Question 1: Describe a time when you used data analysis to solve a business problem.
Ideal answer: This is your opportunity to showcase your data analysis skills in a real-world context. Be specific and provide examples of your work. For example, you could talk about a time when you used data analysis to identify customer churn, improve marketing campaigns, or optimize product development.

Question 2: What are some of the challenges you have faced in previous data analysis projects, and how did you overcome them?
Ideal answer: This question is designed to assess your problem-solving skills and your ability to learn from your experiences.
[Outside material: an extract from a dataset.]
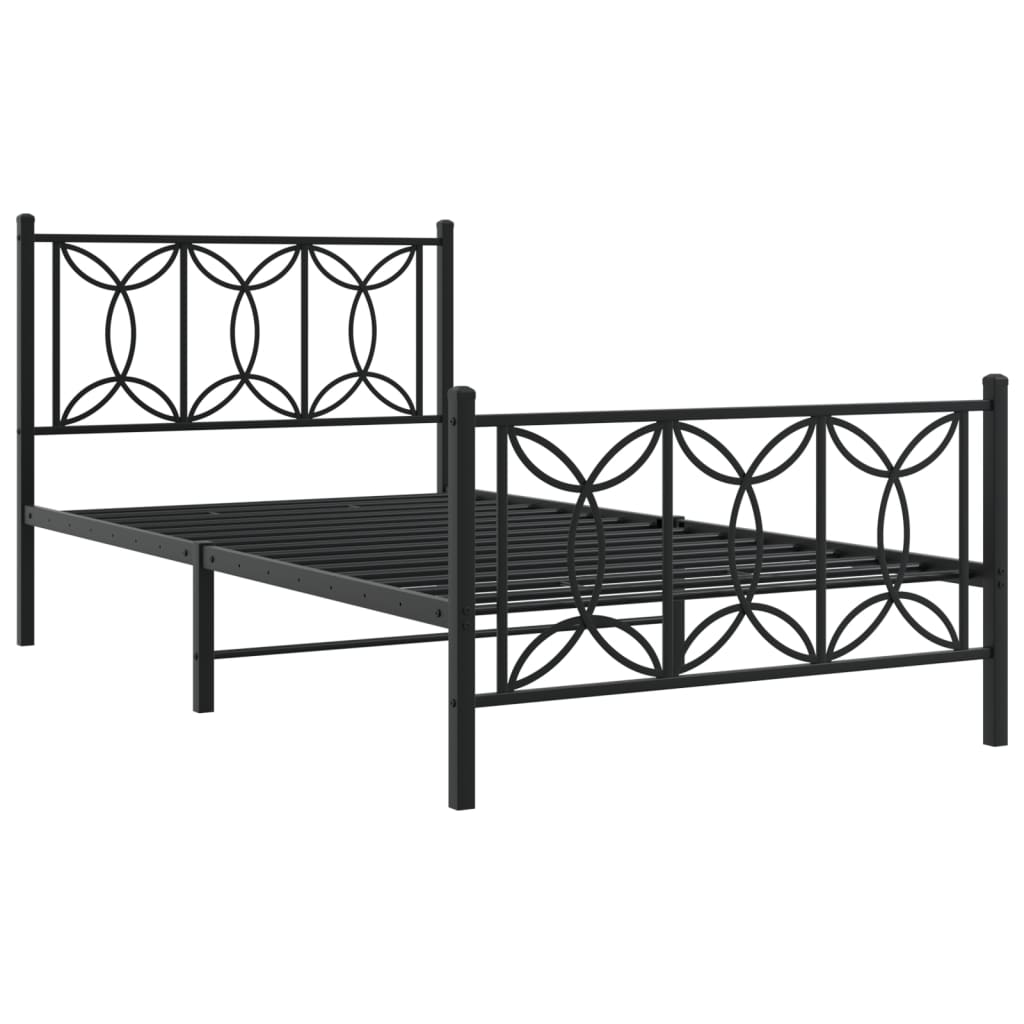 Metal Bed Frame Without Mattress With Footboard Black 100X190Cm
Be honest and upfront about the challenges you have faced, but also focus on how you overcame them. For example, you could talk about a time when you had to deal with a large and messy dataset, or a time when you had to work with a tight deadline.

Question 3: How do you handle missing values in a dataset?
Ideal answer: Missing values are a common problem in data analysis, so it is important to know how to handle them properly. There are a variety of different methods that you can use, depending on the specific situation. For example, you could delete the rows with missing values, impute the missing values using a statistical method, or assign a default value to the missing values.

Question 4: How do you identify and remove outliers?
Ideal answer: Outliers are data points that are significantly different from the rest of the data. They can be caused by data errors or by natural variation in the data. It is important to identify and remove outliers before performing data analysis, as they can skew the results. There are a variety of different methods that you can use to identify outliers, such as the interquartile range (IQR) method or the standard deviation method.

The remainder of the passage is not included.